Saya sering membaca dan mendengar kata kata ‘keterpurukan moral‘. Kebanyakan memaknai keterpurukan moral dengan hal yang berhubungan misalnya dengan korupsi, kekerasan atau kecurangan. Bagaimana dengan pelanggaran lalu lintas?



Saya seringkali berfikir ketika berada dijalanan dan melihat fakta yang ada. Masyarakat pada umumnya sudah tidak ada rasa malu ketika mereka melanggar sebuah aturan dengan terang terangan. Bahkan mereka tak ragu lagi untuk berbuat kasar ketika ada orang yang menegurnya. Tidak sedikit juga yang ketika ditindak oleh aparat lalu lintas, mereka malah menghujat aparat tersebut. Ada yang bilang si aparat sedang cari uang lah, sedang iseng lah. Padahal sudah jelas, mereka melanggar sebuah aturan dan harus ditindak.
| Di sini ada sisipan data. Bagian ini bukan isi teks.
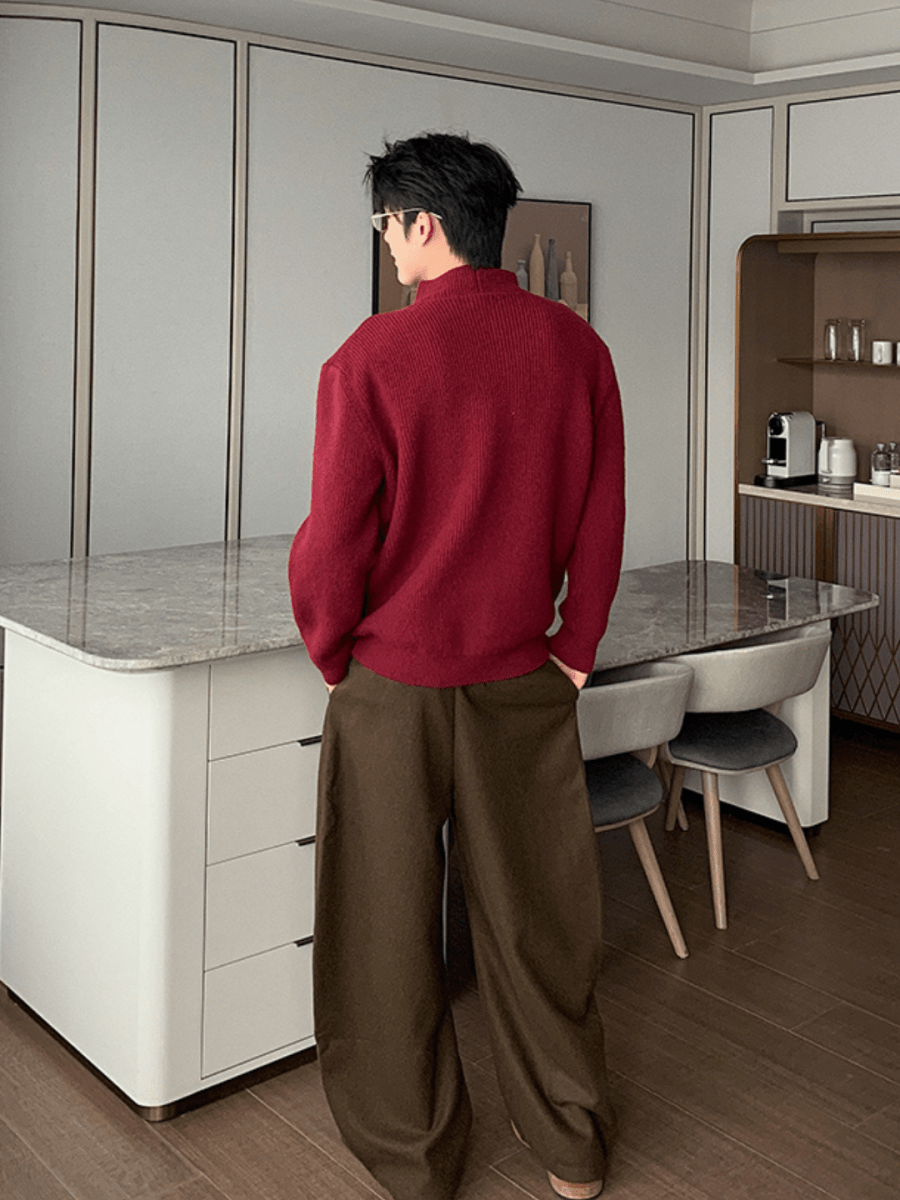 [Hualun]Pullover Sweater   FE0224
Hal yang terparah adalah, mereka sudah tidak ragu untuk membunuh. Membunuh? YA membunuh! Dengan prilaku mereka yang ugal ugalan, jelas mereka bisa mencelakakan dan membahayakan orang lain. Bahkan menghilangkan nyawa orang lain. Dan saya selalu bertanya dalam hati, apakah otak mereka tidak berfikir sampai kesana? Itu baru salah satu contoh. Bagai mana dengan orangtua yang berkendara dengan anaknya yang masih kecil, yang dimana sang orang tua menggunakan segala atribut, mulai dari helm sampai jaket, sedangkan anaknya yang masih kecil, tidak dilengkapi atribut berkendara apapun. Apakah ini sebuah rencana pembunuhan?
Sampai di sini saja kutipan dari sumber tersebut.